Survei dilakukan 14-22 Oktober 2023 terhadap 1.075 responden yang tersebar secara proporsional di 38 kabupaten/kota di Jatim. Usia responden 17-40 tahun.
Hasilnya sebanyak 41 persen pemilih muda Generasi Z ternyata tidak peduli dengan isu politik dinasti yang belakangan ini menjadi berita besar di media menjelang pendaftaran Capres-Cawapres Pemilu 2024.
Peneliti Utama PUSAD Radius Setiyawan menjelaskan, hasil lainnya para pemilih muda Jatim 33 persen tidak percaya dengan politikus yang terkait politik dinasti. Sebanyak 26 persen percaya dengan politikus terkait politik dinasti.
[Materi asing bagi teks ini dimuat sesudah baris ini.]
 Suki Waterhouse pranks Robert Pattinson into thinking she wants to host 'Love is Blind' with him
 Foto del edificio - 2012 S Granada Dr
Radius Setiyawan mengatakan, politik dinasti dalam konteks demokrasi menarik untuk menjadi pembahasan.
Ia menjelaskan, politik dinasti dipahami sebagai proses reorganisasi kekuasaan melalui perubahan model politik baru dengan pelembagaan kekuatan pemilik modal yang memperlihatkan oligarki kekuasaan dan berpengaruh dalam struktur sosial dan negara dalam demokrasi Indonesia.
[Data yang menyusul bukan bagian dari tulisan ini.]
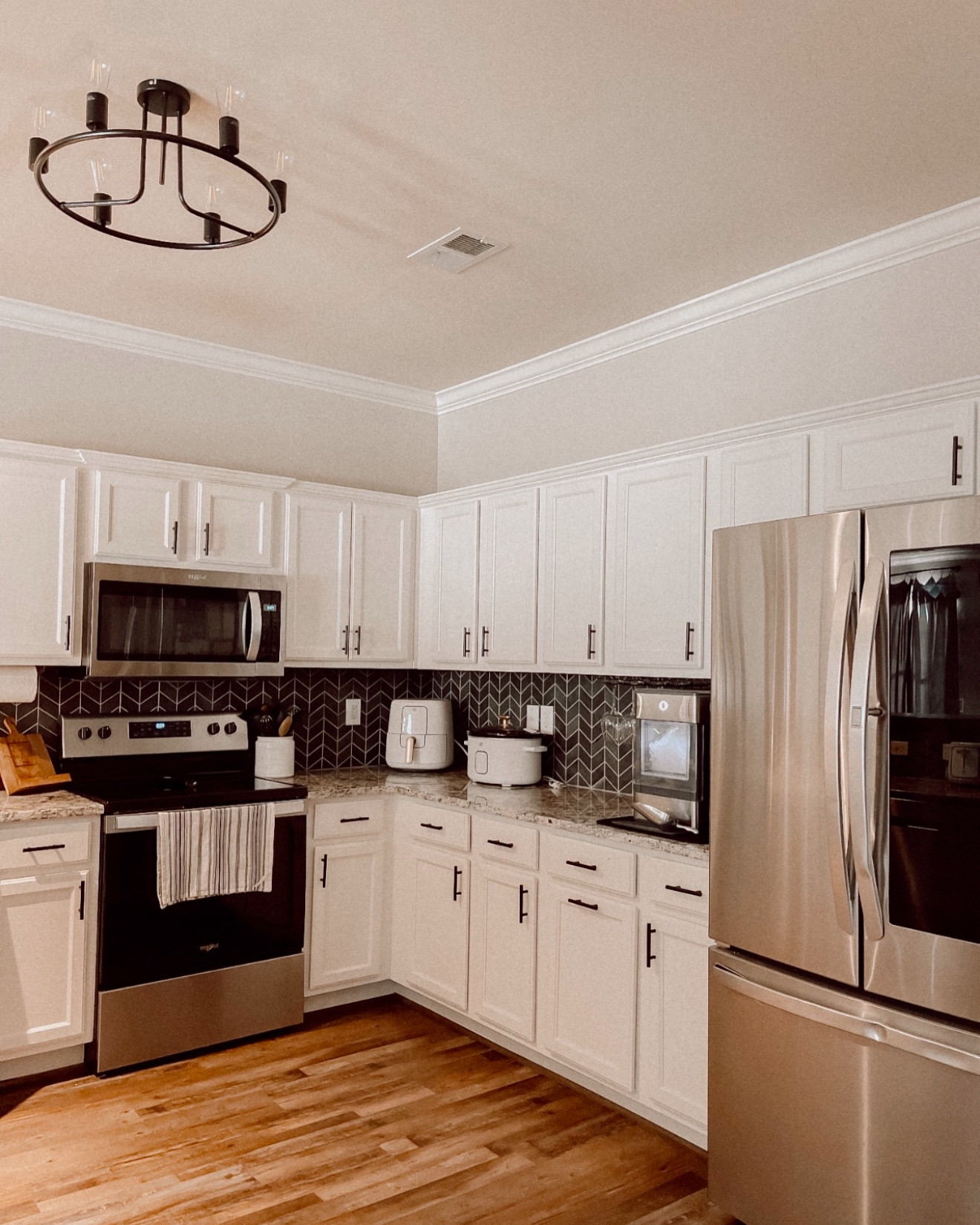 kitchen details 🤍🤍 

#LTKHome #LTKFamily #LTKU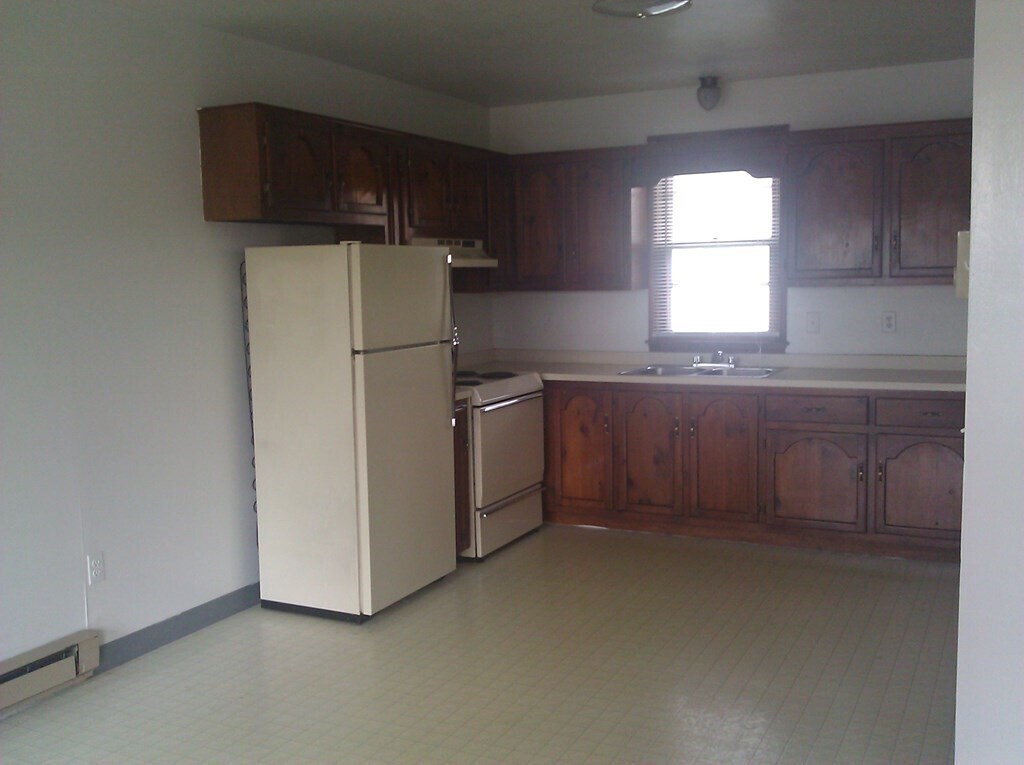Primary Photo - 8 Storer Ct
Dari hasil survei Pusat Studi Anti Korupsi ini, sambung dia, kalau dikaitkan dengan pemilih muda di Jatim harus menjadi perhatian.
”Demografi pemilih di Jawa Timur pada Pemilu 2024 didominasi pemilih produktif berusia 17-40 tahun atau kelompok pemilih Generasi Z dan generasi milenial,” katanya.
Dari total 31.402.838 Daftar Pemilih Tetap (DPT) Pemilu 2024 di Jawa Timur sebesar 51 persen adalah pemilih muda. Yaitu sebanyak 16.001.790 orang.
Capres-Cawapres
Walaupun penelitian ini menyebut 41 persen responden tidak peduli dan 33 persen tidak percaya politikus terkait politik dinasti ternyata soal elektabilitas menurut pemilih muda dalam survei ini pasangan Capres-Cawapres Prabowo-Gibran justru unggul sebesar 35 persen.
Elektabilitas pasangan Ganjar Pranowo-Mahfud MD sebesar 31 persen dan Anies Baswedan-Muhaimin Iskandar 24 persen.
Radius menjelaskan, tujuh alasan pemilih muda Jatim menolak politik dinasti. Pertama 30,60 persen masyarakat tidak percaya karena menghambat proses kaderisasi kepemimpinan.
Kedua, 28 persen masyarakat tidak percaya karena kinerja calon pemimpin sebelumnya yang buruk dan tidak ada dampak terhadap pembangunan.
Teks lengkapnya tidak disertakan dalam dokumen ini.